Once Terraform is installed, clone a local copy of the digital-terraform repository and switch to the production branch.

Terraform commands (typically plan, apply and import) can be run from a shell from the cloned repo/apps folder .

Updating the ECS cluster AMI

How to update the AMI on our ECS cluster instances

The Digital webapps cluster uses the Elastic Container Service on AWS. We have a handful of EC2 instances that actually host the containers.

These instances use a stock Amazon Machine Image (AMI) from Amazon designed for Docker that comes with the ECS agent pre-installed. From time to time, Amazon releases a new version of this “ECS-optimized” image, either to upgrade the ECS agent or the underlying OS.

This process is sometimes referred to as “rolling” the cluster though it’s more accurate that we set up a second cluster of machines and migrate to it.

Performing the AMI update from GitHub

Update the instance_image_id value for the staging_cluster module to the new AMI ID from step 1 above. Save/commit the file as a new branch, not directly to the production branch.
Make a PR which merges the new branch into the production branch, and assign a person to review the changes.
After viewing the plan, if you need to update the terraform scripts, be sure to save the changes to the new branch. If comitting your changes does not trigger the atlantis plan automatically, you can run it manually by creating a new comment with atlantis plan.
Keep an eye on the “ECS Instances” tab in the cluster’s UI. You should see the “Running tasks” on the draining instance(s) go down, and go up on the new instances.
Once all the tasks have moved, the old instance(s) will terminate and Terraform will complete. Check a few URLs on staging to make sure that everything’s up-and-running.
Now that Atlantis’s apply finished, you can merge the staging PR and repeat the process (steps 2-6) for the production cluster.

Performing the AMI update using Terraform CLI

Ensure your cloned copy of the digital-terraform repository is on the production branch, and that the branch it up to date with the origin on GitHub.
Create a new branch from the production branch.
In your preferred IDE open the /apps/clusters.tf file and update the instance_image_id value for the staging_cluster module to the new AMI ID from step 1 above.
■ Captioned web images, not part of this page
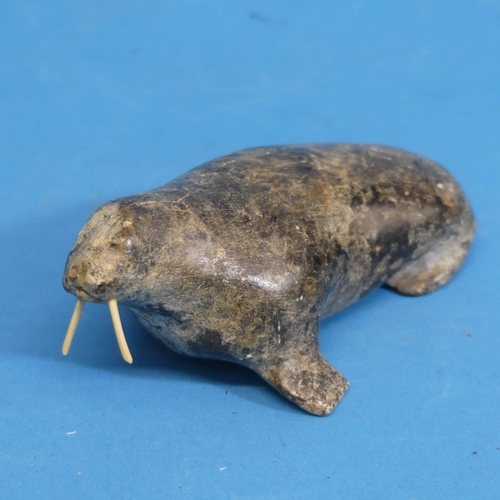 352 - A 20thC Inuit stone carving of a walrus, with bone tusks, L 13cm, together with an Inuit stone carvi... 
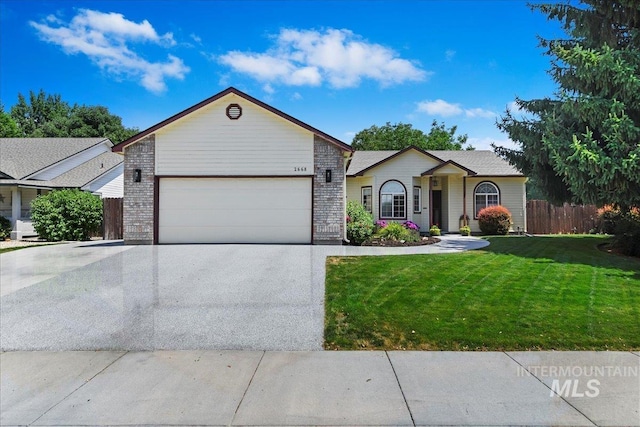 2668 N Morello, Meridian, ID 83646 - ranch-style home featuring a front yard, a garage, fence, concrete driveway, and brick siding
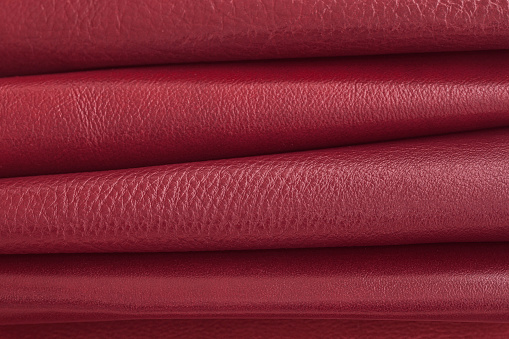 Rolled colorful dark red leather samples, fashion industry concept. Palette collection close up, background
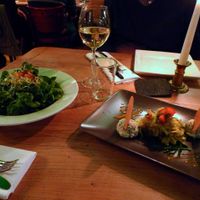 Starters: Seasonal green salad (Feldsalat) on the left, and cashew creamcheese with vegetables on the right. at Körle und Adam in Stuttgart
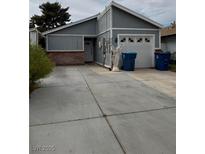 Single story home featuring an attached garage, a simple angel statue and an expansive driveway at 2302 El Molino Cir, Las Vegas, NV 89108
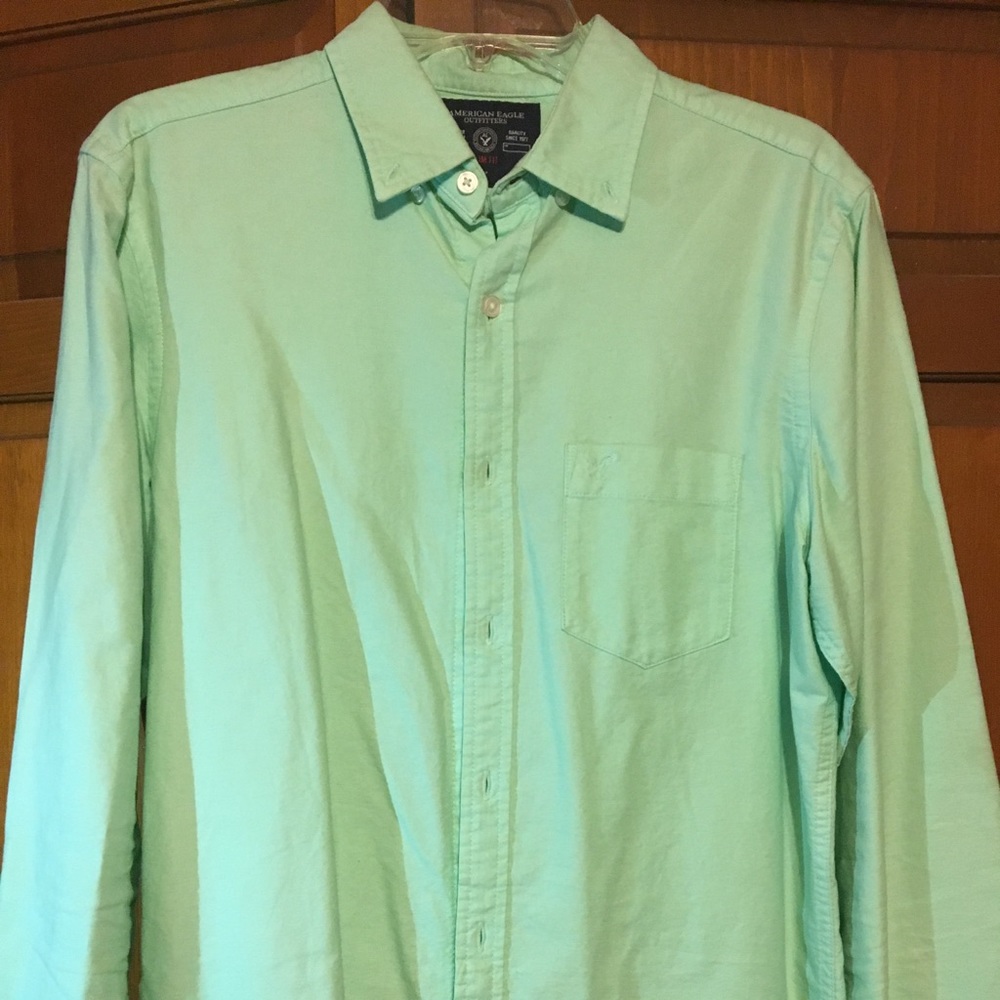 Green button down shirt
Save/commit the file to the new new branch (not directly to the production branch).
in a terminal/shell from the repo/apps/folder, run the command: terraform plan
When the plan is done, inspect the output and expect to see changes to: - resource "aws_autoscaling_group" "instances" - resource "aws_cloudwatch_metric_alarm" "low_instance_alarm" - resource "aws_launch_configuration" "instances" (This last one will have the new AMI guid) Any other changes the plan identifies should be carefully investigated. Terraform may be proposing to make changes to the AWS environment you don't want, or at least are not expecting.
Keep an eye on the “ECS Instances” tab in the cluster’s UI. You should see the “Running tasks” on the draining instance(s) go down, and go up on the new instances.
Once all the tasks have moved, the old instance(s) will terminate and Terraform will complete. Check a few URLs on staging to make sure that everything’s up-and-running.
Now that terraform's apply is finished, you can repeat the process (steps 2-9) for the production cluster.
Finally you should merge the changes in your new (local) branch into the local production branch, and then push the your local production branch to the origin in Github.

What are Atlantis and Terraform ?

What happens during a terraform/atlantis apply with an updated AMI?

When the AMI is updated the terraform plan command will:

create a new Launch Configuration for cluster instances (i.e. EC2 instances) that uses the new AMI,
create a new Autoscaling Group that uses the Launch Configuration,
trigger deletion of the old Autoscaling Group.

The instance-drain Lambda function will tell ECS to drain the tasks from the instances that are being shut down (terraform won’t delete the Autoscaling Group until its instances are fully terminated). ECS will automatically start those tasks up on the new instances that got created by the new Autoscaling Group.